In a new post, Roz Morris says that self-confidence is an important, but overlooked, element of your writing voice.
“I remember when I wasn’t secure about my voice and other distinctive whatnots,” she says. “I regularly rebooted myself, to be like the authors I was reading, or to act on feedback from critique groups or other publishing people.” Unfortunately, that didn’t work well. “Gradually, I discovered that if a technique or approach didn’t fit me naturally, I couldn’t keep it up. It was a strain, like clothing that was too restrictive. But sometimes a new thing did fit. I kept it, and once I used it, it changed anyway, bent to my own shape.”
If you do that enough – try new techniques, keep and adapt what works, discard the rest – eventually you start to hear your voice. “Your writing style – whether it’s poetic or not, descriptively detailed or not, pacey or not, emotional or not,” Morris says.
You’ll also find voice in your themes. “There will be certain aspects of life you’ll tend to write about, and certain characters – because those are your curiosities as a member of the human race,” Morris writes.

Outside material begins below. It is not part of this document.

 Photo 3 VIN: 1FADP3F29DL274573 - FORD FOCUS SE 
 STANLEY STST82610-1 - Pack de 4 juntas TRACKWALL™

Curiosity is a highly individual trait, from which your originality arises. It will also draw you to your genre(s) and the tone of book you’re best suited to write. “If you like the conventions of the crime genre, or the horror genre, or paranormal, medical thrillers or historical romance, or whatever, write them,” Morris says. “If you like the nuances and ambiguities of life, and metaphorical resonance, you have a literary bent. Write that. Perhaps you’re a mix of genre and literary; often they’re on a spectrum. Learn who you are and be that.”
Trial and error may sound inefficient, but it’s the only way to learn, Morris says. “Because writing isn’t just a technical skill,” she says. “It’s an art as well, and the art is, arguably, the trickier aspect. It comes from a complex and unique source – our inner landscape.”